Substrate specificities of two ketosynthases in eukaryotic microalgal and prokaryotic marine bacterial DHA synthases

Article

Ogata, Kaito; Nakama, Riku; Kobayashi, Hiyu; Kawata, Tomoya; Maruyama, Chitose; Tsunoda, Takeshi; Ujihara, Tetsuro; Hamano, Yoshimitsu; Ogasawara, Yasushi; Dairi, Tohru

Hokkaido University; Fukui Prefectural University; Hokkaido University; Kyowa Hakko Bio Co., Ltd.

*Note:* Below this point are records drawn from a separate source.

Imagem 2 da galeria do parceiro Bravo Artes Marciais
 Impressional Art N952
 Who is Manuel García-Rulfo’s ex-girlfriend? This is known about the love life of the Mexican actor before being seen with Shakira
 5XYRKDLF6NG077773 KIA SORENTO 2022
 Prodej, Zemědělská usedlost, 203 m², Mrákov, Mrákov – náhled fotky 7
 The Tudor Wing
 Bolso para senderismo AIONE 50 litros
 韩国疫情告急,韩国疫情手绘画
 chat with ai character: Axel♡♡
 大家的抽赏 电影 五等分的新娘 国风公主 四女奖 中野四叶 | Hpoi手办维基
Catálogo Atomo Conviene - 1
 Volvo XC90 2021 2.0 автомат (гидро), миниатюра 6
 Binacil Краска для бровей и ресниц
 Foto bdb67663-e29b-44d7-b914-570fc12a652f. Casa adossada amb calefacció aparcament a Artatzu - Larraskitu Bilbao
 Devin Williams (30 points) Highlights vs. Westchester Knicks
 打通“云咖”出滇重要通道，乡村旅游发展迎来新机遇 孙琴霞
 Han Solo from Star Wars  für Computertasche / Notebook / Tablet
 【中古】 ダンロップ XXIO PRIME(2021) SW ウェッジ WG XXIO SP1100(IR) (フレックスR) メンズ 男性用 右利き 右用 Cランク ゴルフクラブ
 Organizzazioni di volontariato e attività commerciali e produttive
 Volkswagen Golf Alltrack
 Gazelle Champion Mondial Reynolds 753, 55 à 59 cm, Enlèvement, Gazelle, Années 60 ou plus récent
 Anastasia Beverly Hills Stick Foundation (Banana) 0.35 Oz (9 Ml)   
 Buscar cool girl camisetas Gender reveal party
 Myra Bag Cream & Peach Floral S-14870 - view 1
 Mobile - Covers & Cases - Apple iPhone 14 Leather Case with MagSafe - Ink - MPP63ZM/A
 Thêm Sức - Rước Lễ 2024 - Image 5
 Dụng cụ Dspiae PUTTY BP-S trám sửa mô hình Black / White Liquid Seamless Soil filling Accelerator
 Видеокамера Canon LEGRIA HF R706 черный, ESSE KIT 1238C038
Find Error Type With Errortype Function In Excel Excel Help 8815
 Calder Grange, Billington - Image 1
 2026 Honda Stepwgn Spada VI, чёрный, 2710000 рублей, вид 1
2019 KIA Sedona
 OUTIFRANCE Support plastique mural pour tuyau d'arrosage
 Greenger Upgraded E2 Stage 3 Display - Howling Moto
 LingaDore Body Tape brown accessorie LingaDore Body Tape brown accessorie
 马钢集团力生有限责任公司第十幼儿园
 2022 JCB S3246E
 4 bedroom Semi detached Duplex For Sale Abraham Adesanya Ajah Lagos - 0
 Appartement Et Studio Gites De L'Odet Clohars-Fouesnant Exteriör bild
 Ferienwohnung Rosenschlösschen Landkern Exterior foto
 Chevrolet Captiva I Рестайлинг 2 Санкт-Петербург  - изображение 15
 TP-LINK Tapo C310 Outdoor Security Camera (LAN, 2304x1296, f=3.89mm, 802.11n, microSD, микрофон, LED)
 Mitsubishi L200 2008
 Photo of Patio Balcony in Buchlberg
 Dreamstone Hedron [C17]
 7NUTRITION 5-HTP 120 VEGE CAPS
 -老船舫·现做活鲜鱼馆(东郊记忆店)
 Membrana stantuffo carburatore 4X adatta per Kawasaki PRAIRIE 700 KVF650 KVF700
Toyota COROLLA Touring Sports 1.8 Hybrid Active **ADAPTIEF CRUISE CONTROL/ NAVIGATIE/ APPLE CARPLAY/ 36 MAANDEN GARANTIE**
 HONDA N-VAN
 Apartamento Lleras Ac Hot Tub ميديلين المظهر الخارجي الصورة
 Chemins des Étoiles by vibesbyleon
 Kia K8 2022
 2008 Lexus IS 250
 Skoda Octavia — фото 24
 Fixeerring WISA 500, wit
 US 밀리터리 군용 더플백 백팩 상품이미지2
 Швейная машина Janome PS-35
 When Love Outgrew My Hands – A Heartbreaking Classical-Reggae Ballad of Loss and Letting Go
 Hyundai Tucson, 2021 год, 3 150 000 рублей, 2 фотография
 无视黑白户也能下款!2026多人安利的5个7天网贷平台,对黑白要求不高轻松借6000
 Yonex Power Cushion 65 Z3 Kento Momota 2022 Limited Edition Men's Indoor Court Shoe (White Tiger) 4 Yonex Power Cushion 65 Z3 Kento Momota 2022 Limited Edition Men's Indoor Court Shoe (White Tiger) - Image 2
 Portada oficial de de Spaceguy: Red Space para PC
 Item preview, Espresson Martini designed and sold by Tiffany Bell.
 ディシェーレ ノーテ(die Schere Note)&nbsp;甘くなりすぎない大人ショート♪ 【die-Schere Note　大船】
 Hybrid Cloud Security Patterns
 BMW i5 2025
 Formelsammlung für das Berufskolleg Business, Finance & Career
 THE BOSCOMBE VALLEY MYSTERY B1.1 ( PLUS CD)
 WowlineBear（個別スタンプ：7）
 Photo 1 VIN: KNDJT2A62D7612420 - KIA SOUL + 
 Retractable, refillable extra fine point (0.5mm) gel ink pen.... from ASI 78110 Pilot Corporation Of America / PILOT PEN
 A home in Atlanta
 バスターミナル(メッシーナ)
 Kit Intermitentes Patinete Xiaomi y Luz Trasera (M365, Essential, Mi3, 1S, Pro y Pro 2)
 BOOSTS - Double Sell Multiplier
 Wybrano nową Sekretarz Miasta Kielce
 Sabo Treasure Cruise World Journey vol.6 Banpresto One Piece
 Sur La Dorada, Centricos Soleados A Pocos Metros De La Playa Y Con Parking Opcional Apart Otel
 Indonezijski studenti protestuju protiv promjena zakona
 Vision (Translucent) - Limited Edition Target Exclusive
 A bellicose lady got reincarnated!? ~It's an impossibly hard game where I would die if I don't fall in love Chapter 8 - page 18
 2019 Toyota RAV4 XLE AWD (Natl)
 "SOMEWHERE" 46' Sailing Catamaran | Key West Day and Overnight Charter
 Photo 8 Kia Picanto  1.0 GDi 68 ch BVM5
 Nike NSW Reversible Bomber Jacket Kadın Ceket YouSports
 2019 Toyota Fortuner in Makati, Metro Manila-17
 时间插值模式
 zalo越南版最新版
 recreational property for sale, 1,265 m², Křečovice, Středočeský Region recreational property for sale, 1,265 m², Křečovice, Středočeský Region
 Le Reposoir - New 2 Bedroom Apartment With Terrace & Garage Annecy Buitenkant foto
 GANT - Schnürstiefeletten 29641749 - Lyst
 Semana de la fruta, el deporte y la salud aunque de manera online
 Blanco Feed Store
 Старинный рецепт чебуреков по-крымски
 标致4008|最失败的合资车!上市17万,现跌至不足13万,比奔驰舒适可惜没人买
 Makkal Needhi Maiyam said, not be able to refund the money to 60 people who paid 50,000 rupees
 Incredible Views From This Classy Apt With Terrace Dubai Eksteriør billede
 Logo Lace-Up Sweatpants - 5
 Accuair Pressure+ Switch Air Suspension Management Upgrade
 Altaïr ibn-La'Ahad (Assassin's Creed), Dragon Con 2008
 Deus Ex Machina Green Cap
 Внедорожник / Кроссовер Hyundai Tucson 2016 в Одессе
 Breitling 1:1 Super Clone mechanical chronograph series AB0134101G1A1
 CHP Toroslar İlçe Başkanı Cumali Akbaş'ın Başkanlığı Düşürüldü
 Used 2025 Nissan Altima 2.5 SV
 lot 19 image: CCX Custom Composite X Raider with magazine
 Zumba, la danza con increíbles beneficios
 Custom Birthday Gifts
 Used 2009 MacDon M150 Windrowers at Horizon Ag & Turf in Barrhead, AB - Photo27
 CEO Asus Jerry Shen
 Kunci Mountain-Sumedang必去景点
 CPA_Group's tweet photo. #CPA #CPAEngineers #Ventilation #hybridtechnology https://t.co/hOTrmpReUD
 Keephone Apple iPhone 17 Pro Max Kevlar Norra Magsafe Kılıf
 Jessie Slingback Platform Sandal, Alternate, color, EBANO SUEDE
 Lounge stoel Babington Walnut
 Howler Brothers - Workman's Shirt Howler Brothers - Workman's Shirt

PROCEEDINGS OF THE NATIONAL ACADEMY OF SCIENCES OF THE UNITED STATES OF AMERICA

0027-10365

10.1073/pnas.2424450122

2025-03-25

Highly reducing iterative polyketide synthases (HR-iPKSs) are huge enzyme complexes with multiple catalytic domains that biosynthesize polyketides by intrinsically programmed iterative carbon chain extensions and reductions. Unlike most HR-iPKSs, which possess a single ketosynthase (KS) domain for all carbon chain elongations, polyunsaturated fatty acid (PUFA) synthases contain two KS domains. We previously examined the substrate specificities of two KS domains of prokaryotic marine PUFA synthases with several acyl-ACP intermediates and showed that the two KS domains are utilized differentially depending on the carbon chain length. In this study, we investigated two KS domains in a eukaryotic microalgal DHA synthase, KSA and KSB, which show low similarities to those of prokaryotic marine enzymes, together with almost all the acyl-ACP intermediates. C6-, C12-, and C18-ACPs were exclusively accepted by KSA while KSB utilized C-8. C14-and C20-ACPs. In contrast, both KSA and KSB showed activities against C2-, C4-, and C10-ACPs. A general tendency was observed in which both the prokaryotic KS and the eukaryotic KS recognized the acyl structures in the vicinity of the thioester in ACP substrates except for short-chain substrates.